Good morning! This is the last lesson of this series of 15-20 min initial fraction explorations. I would have gone on for the duration of distance learning, but we have some measuring to do!

- We warmed up with some comparing of fractions. Using index cards, I just wrote a bunch of fractions (that he could check with the fraction strips). We flipped the cards face down and mixed them up. He would flip a card face up; I would do the same. We would compare our fractions, and whoever had the largest fraction got to keep the cards.

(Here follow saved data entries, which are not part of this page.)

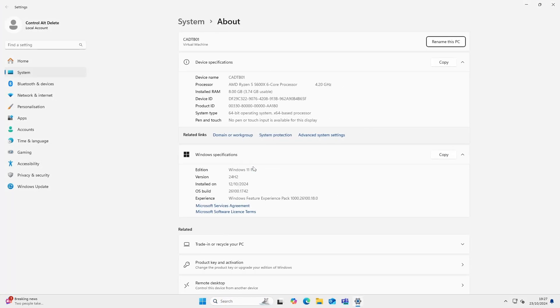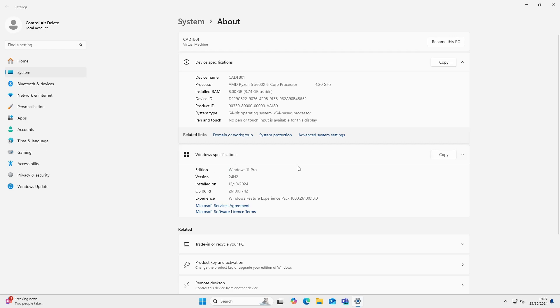Now that the process has finished, let's check what version of Windows 11 this computer is running. As you can see, it's running Windows 11 Pro.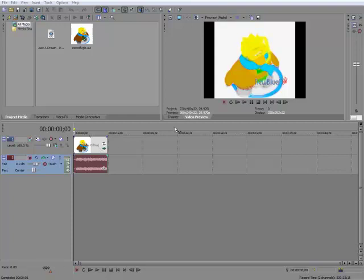Hello YouTube. Today I'm going to show you how to speed up or slow down your video in Sony Vegas Pro 10.0.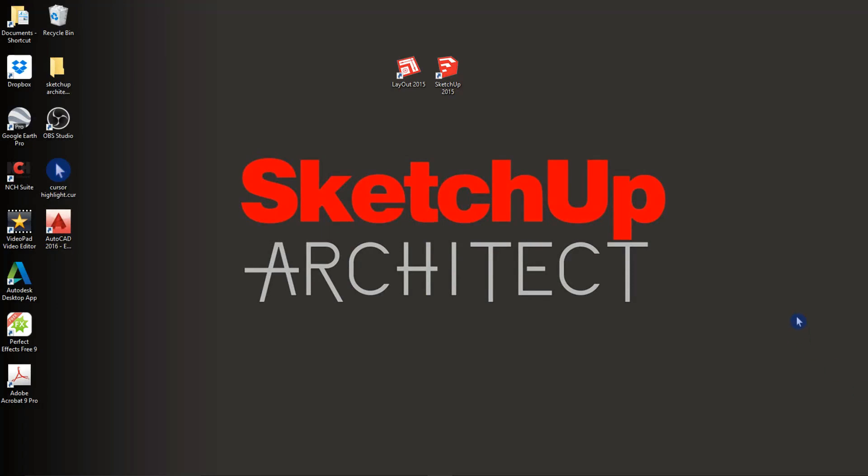Hello everyone and welcome to SketchUp Architects training course for beginners. In this course we will go over the basics of using SketchUp. Let's go ahead and open up our application.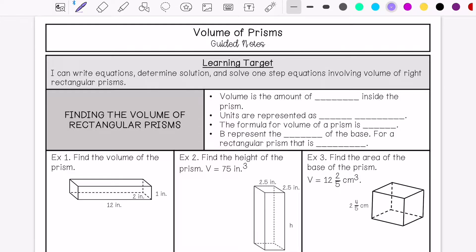We are going over the volume of prisms guide notes. My learning target is: I can write equations, determine solutions, and solve one-step equations involving volume of right rectangular prisms.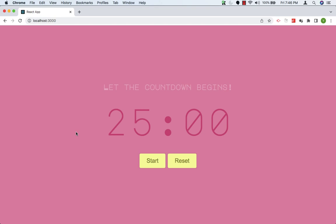Now let's see the functionality. Our text is here: let the countdown begin. Then we have a 25 minute timer. Then we have Start and Reset buttons.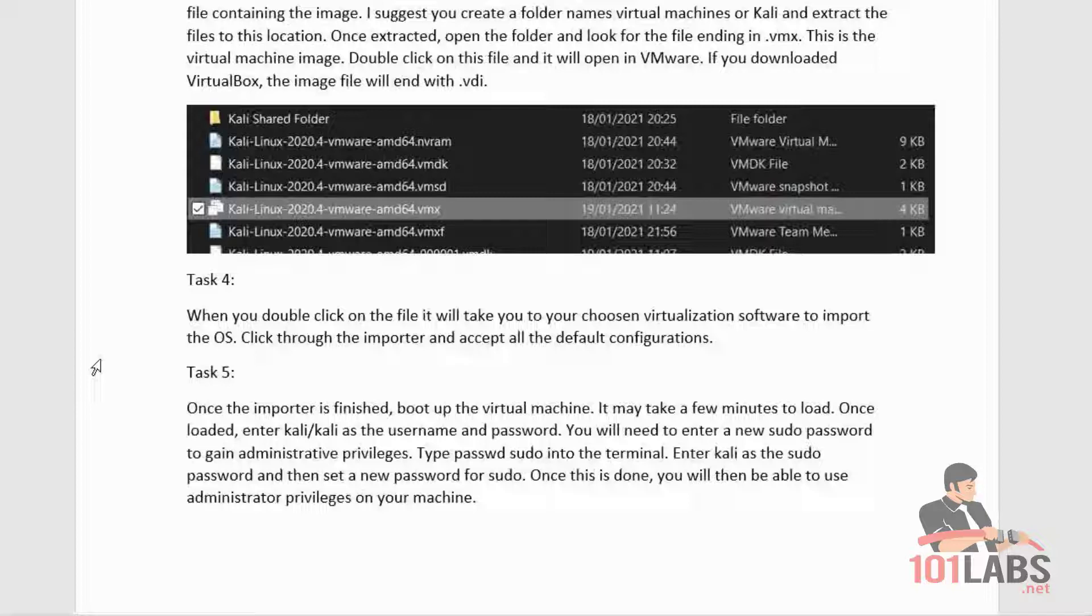This is the virtual machine image. Double-click on this file and it will open in VMware. If you downloaded VirtualBox, the image file will end with .vdi.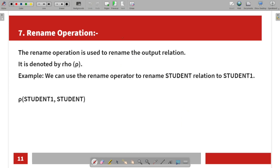The Rename operator uses a specific symbol. For example, renaming student1 — you can give a new name to a relation or its attributes.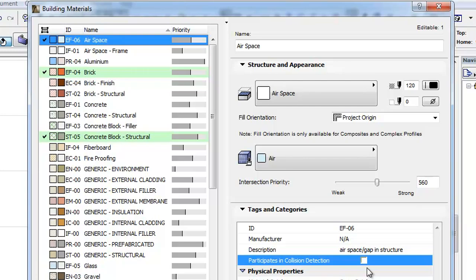This means that Collision Checking functions will not detect and report a collision when the given element or skin is colliding with another element or element skin. Such functions exist within ARCHICAD, in the MEP Modeler add-on and also in other model checking applications.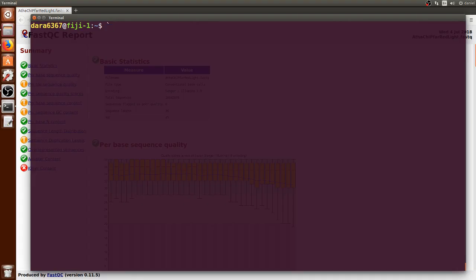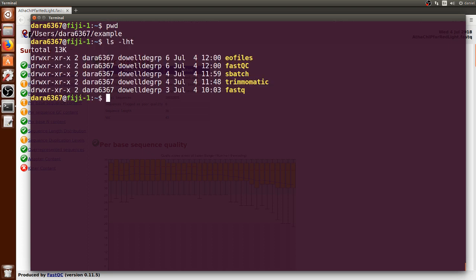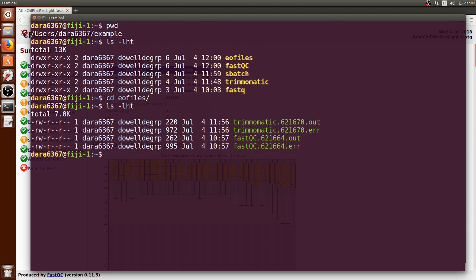It's been now a couple of minutes since the job finished running. Let's see what were the output files. We can print the working directory and list and navigate to the error and output files directory.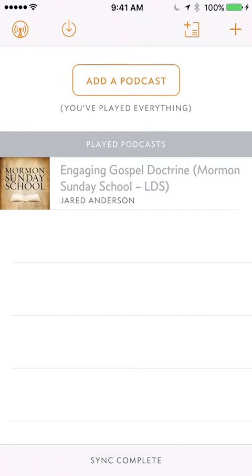But if you have any questions, just send a message to mormonsundayschool@gmail.com or just go to the Facebook page and ask any questions associated with this post. Thank you so much.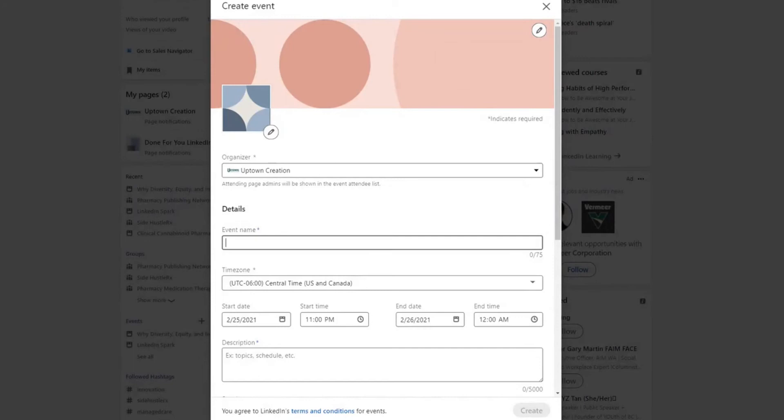Then you'll use an event title — I'll just name it 'social selling.' The event name is pretty important; you can have up to 75 characters. It's similar to a YouTube headline where you want to include keywords that people would be searching. For a LinkedIn training, having something like LinkedIn Live, LinkedIn lead generation, social selling, or buyer-first selling — all things like that.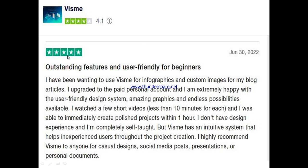Another user said: 'Outstanding features and user-friendly for beginners. I've been wanting to use Visme for infographics and custom images for my blog. I upgraded to the personal paid account and I'm extremely happy with the user-friendly design system. Amazing graphics and endless possibilities available. I watched a few short videos under 10 minutes each and was able to immediately create polished projects within one hour. I don't have design experience and I'm completely self-taught, but Visme has an intuitive system that helps inexperienced users throughout the project creation. I highly recommend Visme for casual design, social media posts, presentations, and personal documents.'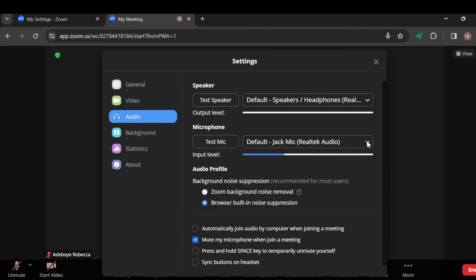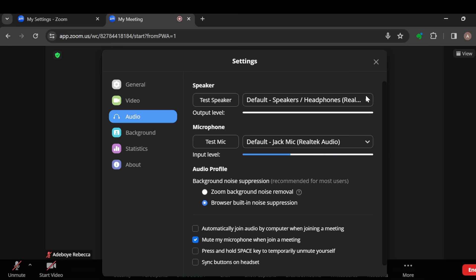You can also test the speaker to get your output level. And if you have external speakers, you can also select them apart from the one you're using at the moment. So this is basically how to do it—this is how you can increase your volume on Zoom. Thank you for watching and have a nice day.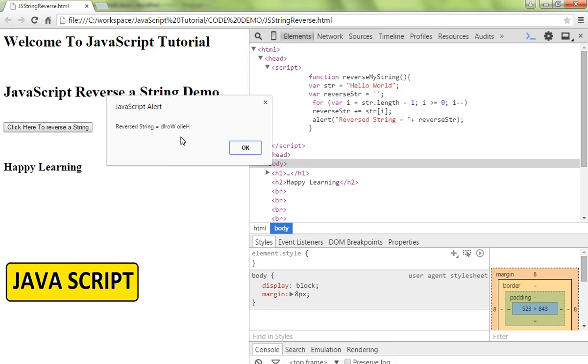This is one way - there are a lot of ways in JavaScript to achieve this. This is one way to reverse a string in JavaScript. Hope this video is useful, thank you.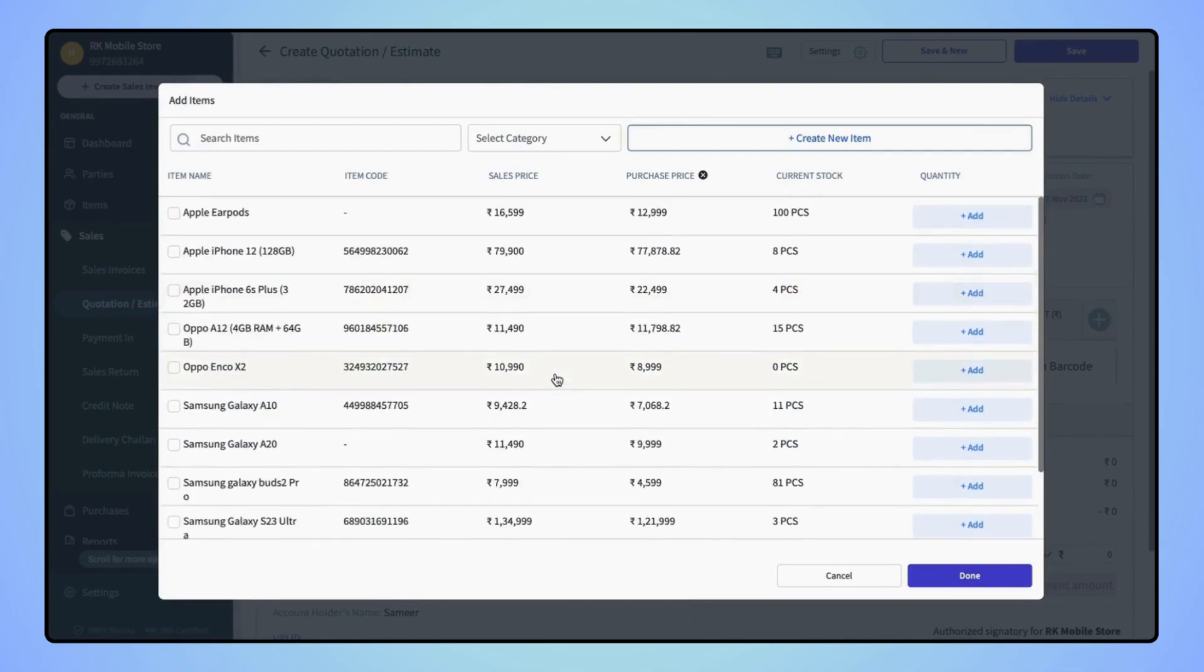If you are creating quotation for any new item, then you can create a new one by clicking on Create New Item.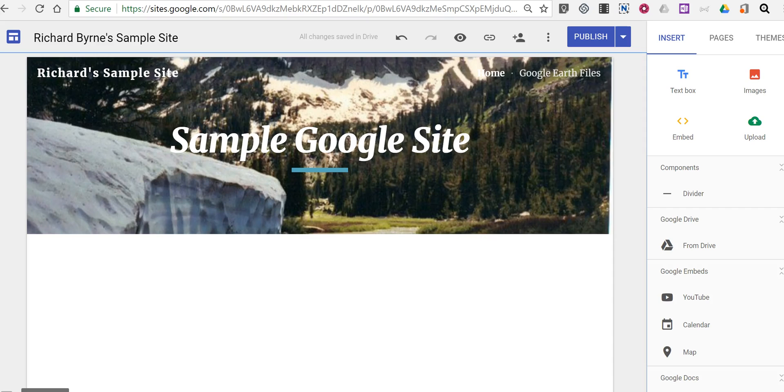Hi, I'm Richard Byrne. In this video I want to show you how you can put two videos side-by-side in one page on a Google site.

*Which one is bigger? How do you know?*(Example: I know 1/2 is bigger than 3/8 because 4/8 is a half.) He often had to show me with his fraction strips to explain (See here? This one is bigger.). Note that some of the fractions are equivalent, which gave us some nice places to pause and discuss who won. I let him choose how to deal with the equivalent ones (He chose to put them back upside down and reshuffle.). See below for fraction cards for the game. - I gave him the problems below. Each one compares 1/2 to other fractions. 1/2 is considered a “benchmark fraction”. It is a great one to use for estimation and relating to the size of other fractions. We looked at each pair individually.
*Is the fraction greater than, less than, or equal to half? How do you know?*Notice the first 6 pairs start with the equivalent relationship, to push Chris into using half to reason about the very next pair of fractions with the same denominator. The last three pairs were to see if he would apply the “comparing to half” strategy. Below is a video of his thinking.

If I had another day, I would continue with this idea of comparing to half. It caused Chris to really consider how the numerator and denominator related to each other and to the fraction 1/2.